I have a hard time getting excited about a currency when the main reasons given for it's existence are for online gambling and Wikileak donations. I would be excited about a dollar alternative that allowed the common person to protect themselves from the inflationary rot that the US Congress is hell-bent on subjecting us to.
I feel the same way, but there is a much more lucrative reason to use bitcoins: The lack of transaction fees. I don't know about you, but it really bothers me that you have to give up ≈3% of your revenue to the credit card companies if you want to do business online.
Those are the first uses because online gamblers and muckraking NGOs are the ones most desperate for an alternative to a government-issued currency. If the average person was unable to function with inflationary currencies, they'd find an alternative.

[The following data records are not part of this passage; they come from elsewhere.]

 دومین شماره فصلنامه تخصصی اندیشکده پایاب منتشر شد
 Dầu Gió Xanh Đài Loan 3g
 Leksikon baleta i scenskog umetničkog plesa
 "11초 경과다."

Currencies linked to physical goods of limited quantities wouldn't inflate. For example, I could make a currency that represented shares of Picasso paintings. Since there are only a limited number of Picasso paintings, my currency wouldn't inflate.

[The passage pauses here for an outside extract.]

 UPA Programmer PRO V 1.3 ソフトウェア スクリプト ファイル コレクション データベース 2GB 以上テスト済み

Commodity-linked currencies (e.g. those that are gold/silver based) don't inflate much in a practical sense, since the amount of gold/silver being mined each year is usually much less than the amount of gold and silver already being used for exchange. That said, the US did experience a pretty huge bout of inflation after the California gold rush, as all that new currency increased the money supply.
Hrm. My understanding is that inflation can affect anything we attach value to (and that broadly speaking "value" is also an abstract concept).

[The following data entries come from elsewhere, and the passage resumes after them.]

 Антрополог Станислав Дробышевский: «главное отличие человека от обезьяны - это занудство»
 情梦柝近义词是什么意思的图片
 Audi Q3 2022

Suppose the price of oil (or any other primary resource) jumps 50%, increasing the nominal cost of everything that has been made from it. Your gold backed dollar now can be exchanged for less things than before, irrespective of the total supply of gold in the world.
Does that make sense? I'm woefully under read in economics.
The word "inflation" has several different meanings. You're talking about consumer price inflation. There is also monetary inflation, which is the supply of money plus debt (marked to market). Those are really completely different things with only a very loose relationship.
Bitcoin is resistant to centralized inflation due to currency supply increases because CPU power votes on new currency entering the system.
If I make a block that gives me a 100 BTC bounty instead of the current 50 BTC, no other nodes will make blocks dependent on mine, meaning that it didn't happen.